Generally, in the labeling field, the labels are placed on at least one of the faces of a support tape wound around a core. The support is continuously fed to a labeling station at which the labels are transferred onto objects to be labeled. On leaving the labeling station, the support is wound around a spindle, and scrapped or recycled.
Supports provided with labels on both their faces are also known. These can be used for feeding continuous labeling chains as described in documents FR-A-2 789 971 and FR-A-2 789 972. These two-sided label supports have the advantage of minimizing the amount of support tape to be subsequently scrapped or recycled once all the labels have been removed.
Supports provided with labels made of polyethylene, the thickness of the labels of which is around 80 to 100 μm, are known.
Also known from the prior art are thin labels made of polyethylene terephthalate that are bonded by means of an adhesive layer to both faces of a paper support or a support made of a thermoplastic. The faces of the support are preferably siliconized in order to facilitate the detachment of the labels coated with their adhesive by the labeling stations. The thickness of such a support provided with labels on both its faces is known to be around 60 to 150 μm.
The advantage of polyethylene terephthalate labels is the ability to obviate treatments prior to the printing, of the corona or “top coating” type, that are used to improve the printability and the retention of the ink on the upper surface of the label.
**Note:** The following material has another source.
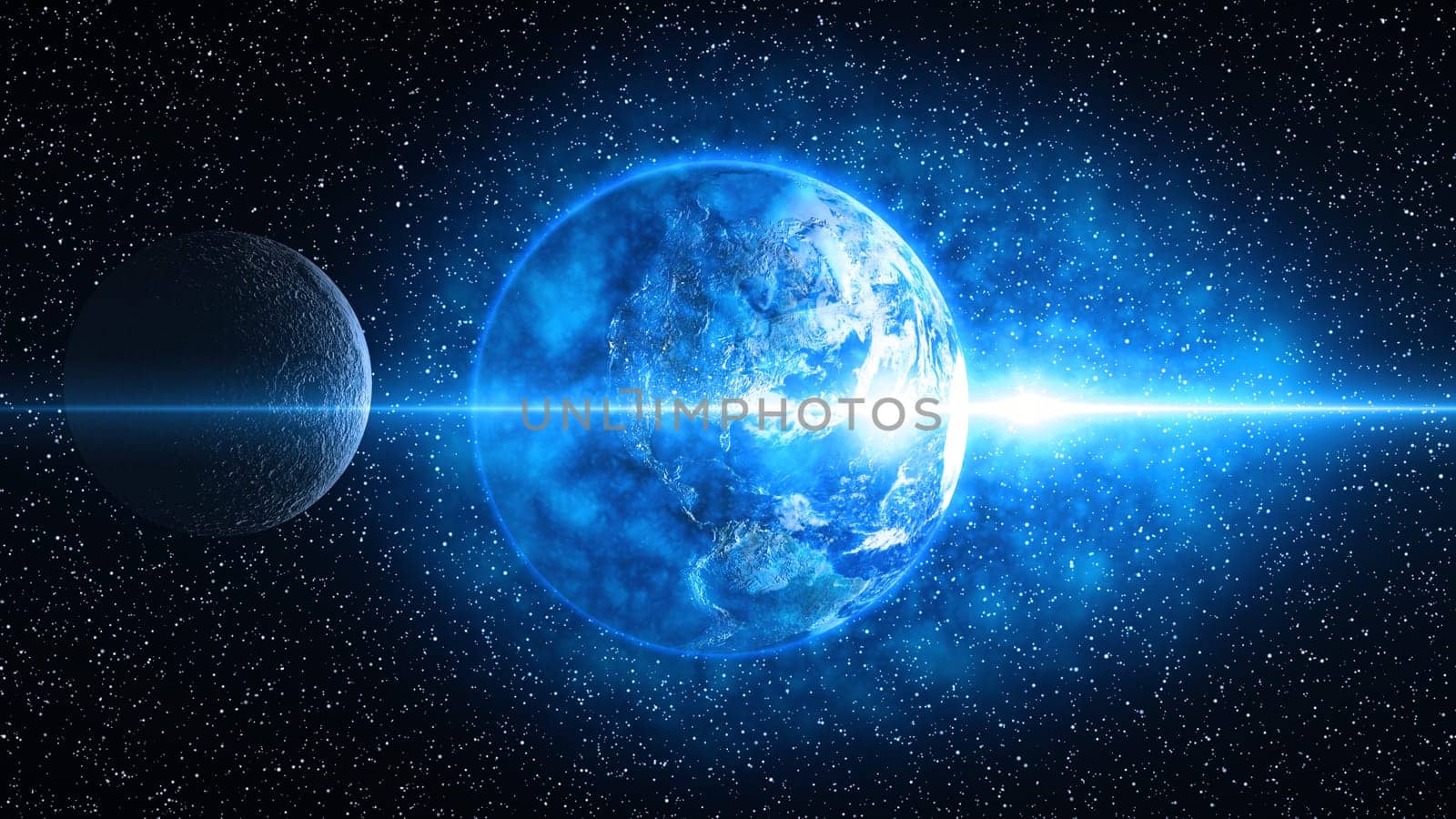 Planet Earth, Globe in space in nebula clouds. Elements of this image are furnished by NASA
This is because polyethylene terephthalate already allows, without any specific treatment, more optimum and durable printability.
The problem posed by the two-sided supports of the prior art is that they are too thick when they have polyethylene labels and they are expensive to produce when they have polyethylene terephthalate labels. The recycling of polyethylene terephthalate is also generally more expensive than the recycling of other thermoplastics.
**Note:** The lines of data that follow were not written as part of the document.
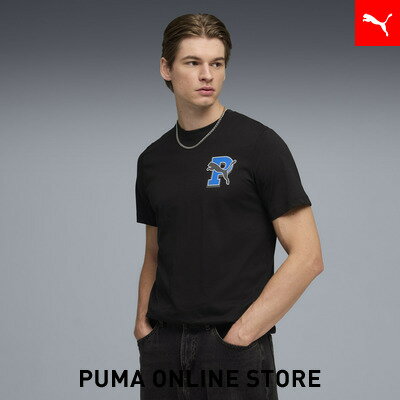 乐天商城 - 【公式】 PUMA プーマ メンズ グラフィック ヴァーシティ 半袖 Tシャツ GRAPHIC Tee メンズ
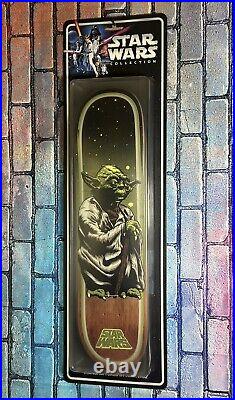 Star Wars Santa Cruz Collectible Skateboard Deck Yoda Blister Package- New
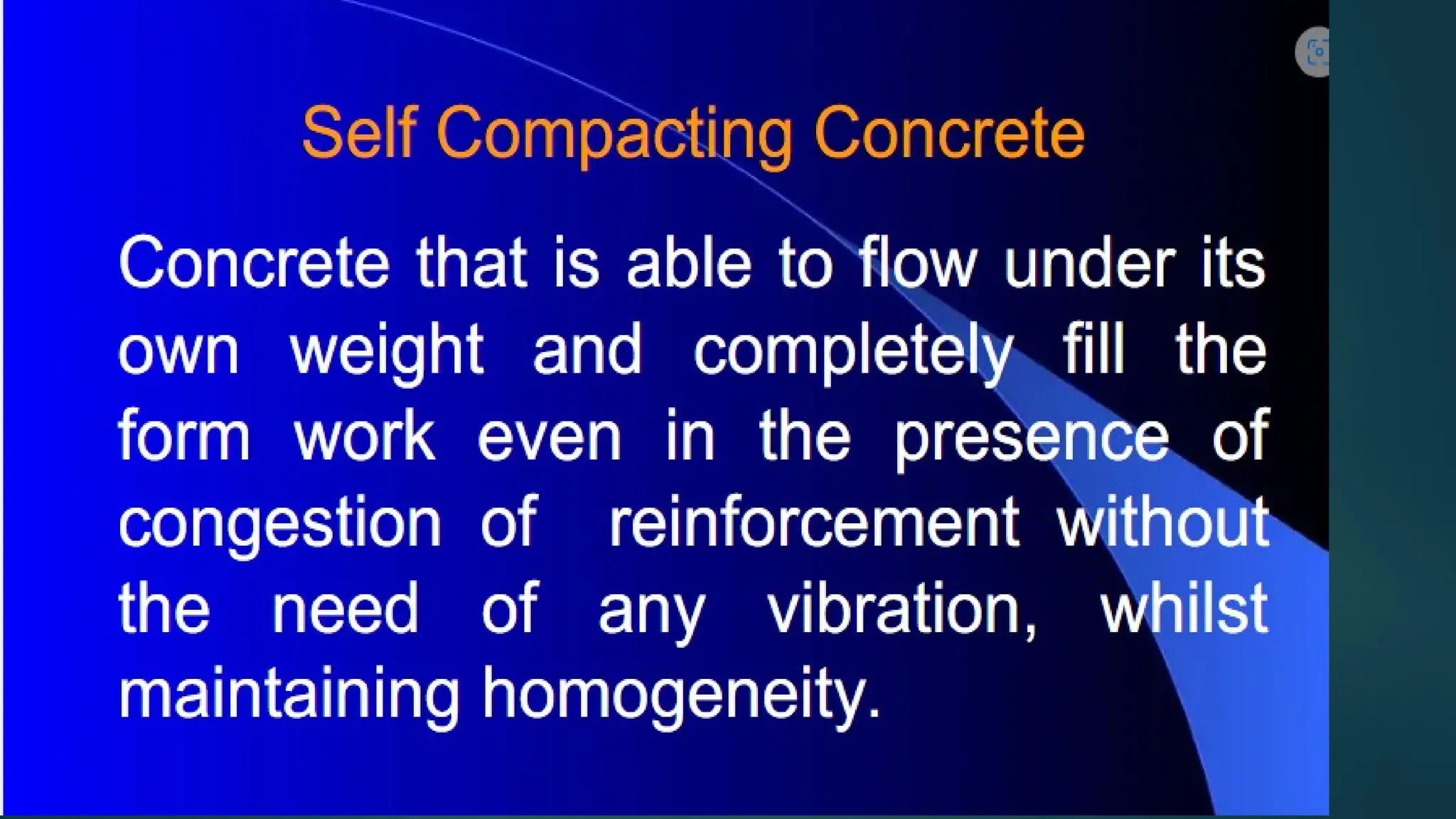 Applications of fiber concrete and self compact concrete | PPT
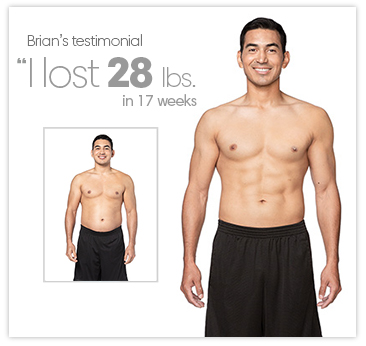 Brian lost 28 lbs. in 17 weeks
Finally, the inventor is aware that the problems associated with the high level of products deemed to be defective on leaving the labeling station, and the problems of the labeling stations slowing down or becoming blocked, can be due to the electrostatic potential developed by these polyethylene terephthalate labels. Thus, when the labeling station unwinds the support, it may turn out that the electrostatic potential of the labels is sufficient to generate a static electricity spark on passing through the labeling station. This spark can result in the ignition of the support or the labels. Such ignition then makes, respectively, the labels and the support unsuitable for use. The labeling station therefore has to be stopped.
Even if the label passes through the labeling station without creating sparks, since the label still has a high electrostatic potential when it is mechanically presented against the object onto which it has to be bonded, it can be repelled by the object. A first risk is that the label will completely fail to be bonded to the product. A second risk is that the label will be bonded to the object in an offset manner. In the latter case, the label will not be at an expected place on the object. In both situations, the resulting objects can be considered defective and unsuitable for sale as such. It will therefore be necessary for these objects to be removed manually, and the production costs will thereby be increased.
The existence of such an electrostatic field may also block the upstream labeling station. This is because the electrostatic field created between two labels facing each other may even be higher than the adhesive force conferred by the adhesive that keeps the labels on their support. Consequently, a label may become prematurely separated from its support—it is then free and can “fly” in the labeling station. There is therefore a risk of it disturbing or even blocking or jamming the labeling chain, and time will then be unnecessarily wasted in getting the labeling machine back into operation.